In contrast, there are companies who opt to give their candidates a more real world-like assessment, which usually consists of building a small application that solves a problem or one that simulates what the actual job would be. However, these companies often give you a small window of time to submit the finished build.
If you happen to be lucky enough to pass those assessments, you must then prepare to review your results, live, in the interviews to follow.
How Tech Companies Make The Process Better
In order to tackle this issue, we as tech professionals need to gather together and form an alliance, from engineers, to writers, to managers, to recruiters. All should contribute to building a resource geared toward making connections with companies that have such interview processes and educate them on ways they can make the process simpler. Perhaps hiring managers should see beyond things like lack of experience and focus on what the candidate can truly offer. They should take a more scrutinized look at the candidates’ portfolios and resumes. This is usually a good sample and indication of what the candidate can do.
Companies should also carefully examine the positions they are hiring for and the specific skills they want someone to possess, as well as what areas they are able and willing to work with. From there, determine what sort of skills and qualities will warrant a definite yes or no, so that they know early in the process, before putting candidates through more interviews.
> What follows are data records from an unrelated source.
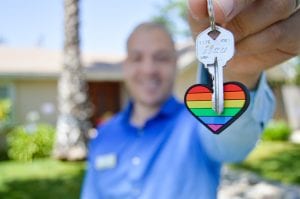 Man in blue shirt holding out key on heart shaped, rainbow keyring; image by Maurice Williams, via Unsplash.com.
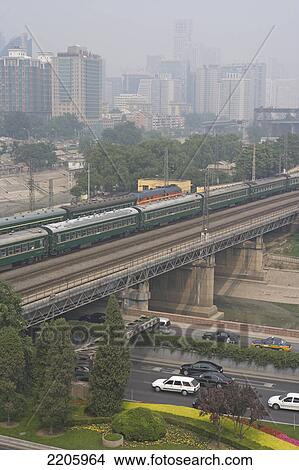 Train crossing bridge over highway, China View Large Photo Image Picture - Train crossing bridge over highway, China . Fotosearch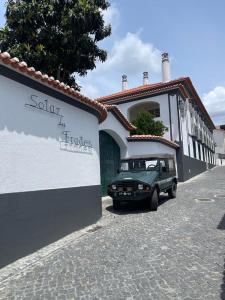 a green jeep parked in front of a building at SOLAR DOS FRADES in Ferreira do Alentejo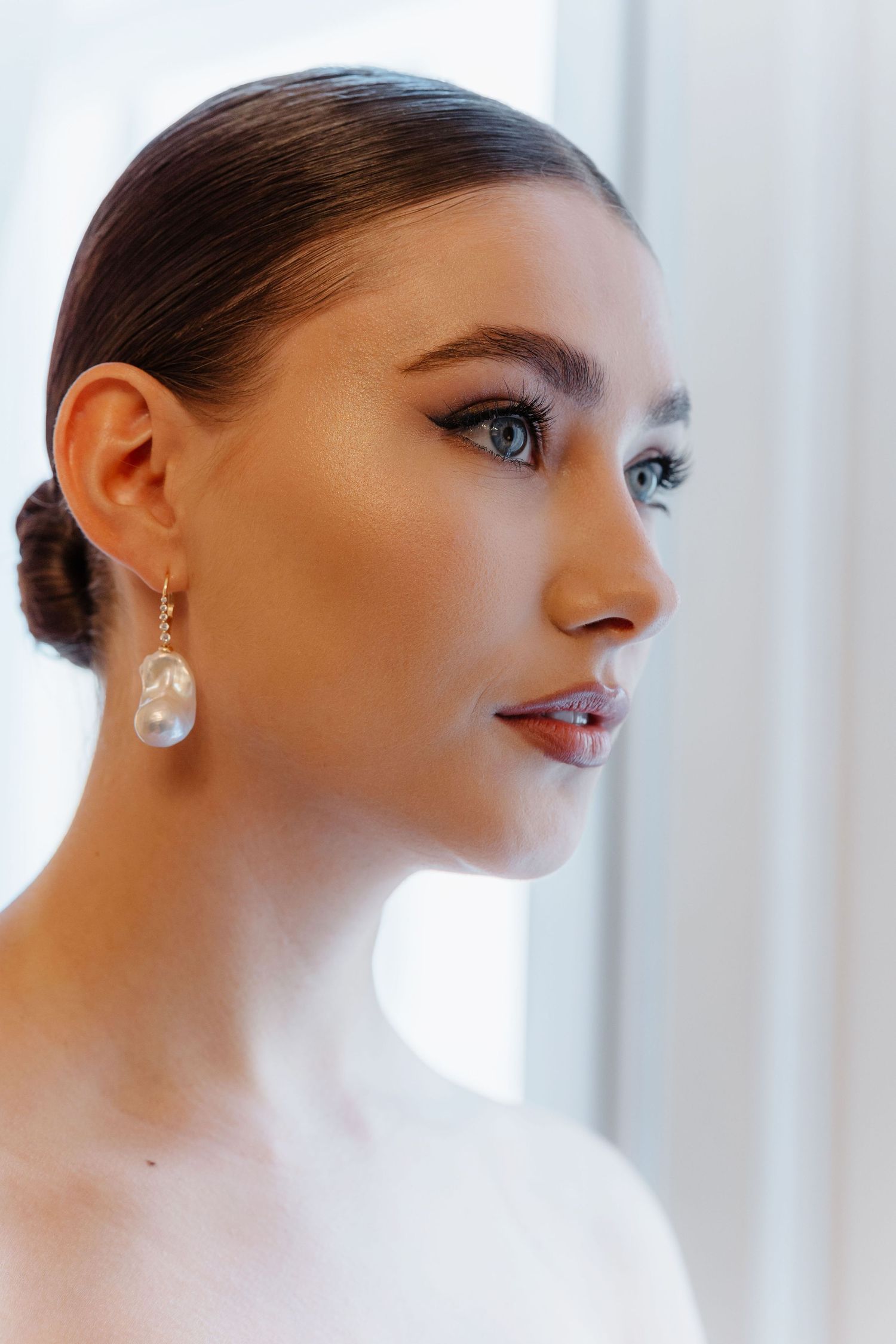 Close-up profile of bride with sleek updo wearing large baroque pearl drop earrings by bright window.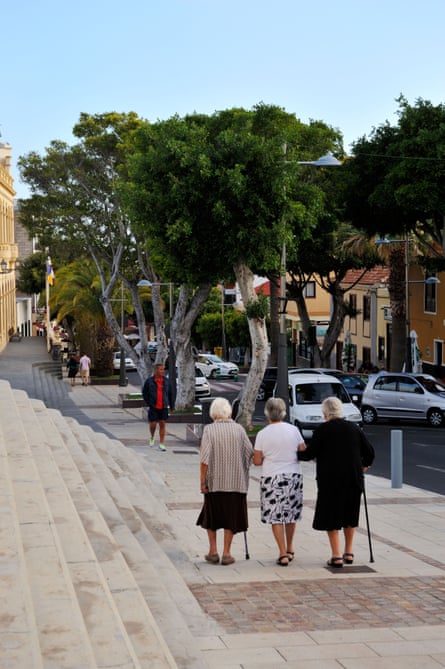 Three elderly women walk down a street, arm in arm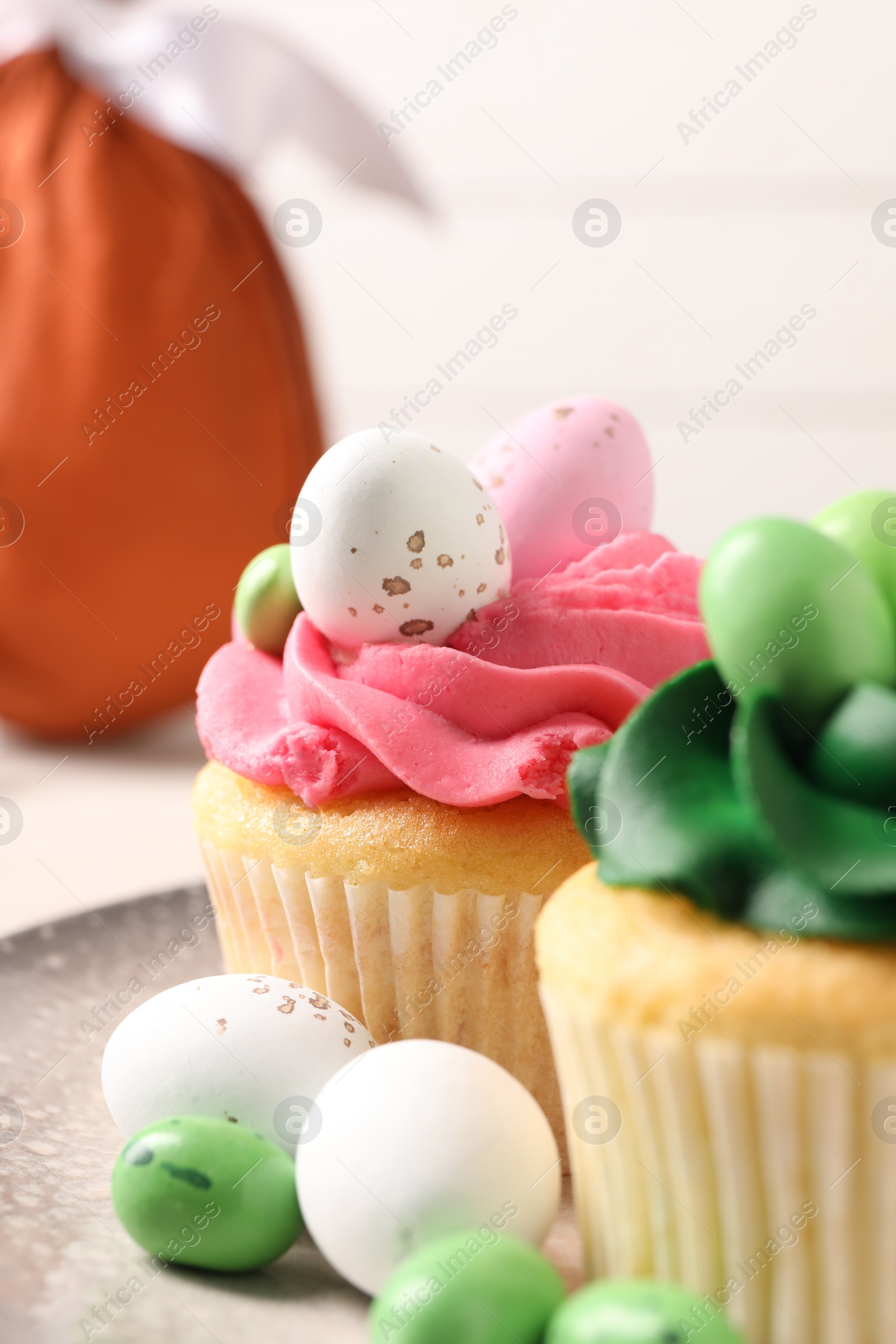 Photo of Tasty cupcakes with Easter decor on table, closeup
Another possible solution is keeping in mind that they can always teach someone new skills or help them improve their current ones, but you can’t teach someone to have a good attitude, good work ethic, work well with a team, or get along well with others. If companies see that a candidate has a great attitude, would fit in great with the team, but might just need a little extra coaching, why not give them the opportunity? Many recruiters I’ve spoken with say that in a majority of cases, when companies give a less-experienced candidate an opportunity, the candidate goes on to impress them and exceed their expectations.
The interview process should be more about reinforcing those skills and proving to be a good fit, character-wise. If the candidate’s profile and qualities indicate he or she is capable of doing the work and can fit in well with the team, having “slightly” less experience should not be the issue, but rather the stepping stone for both the candidate and company.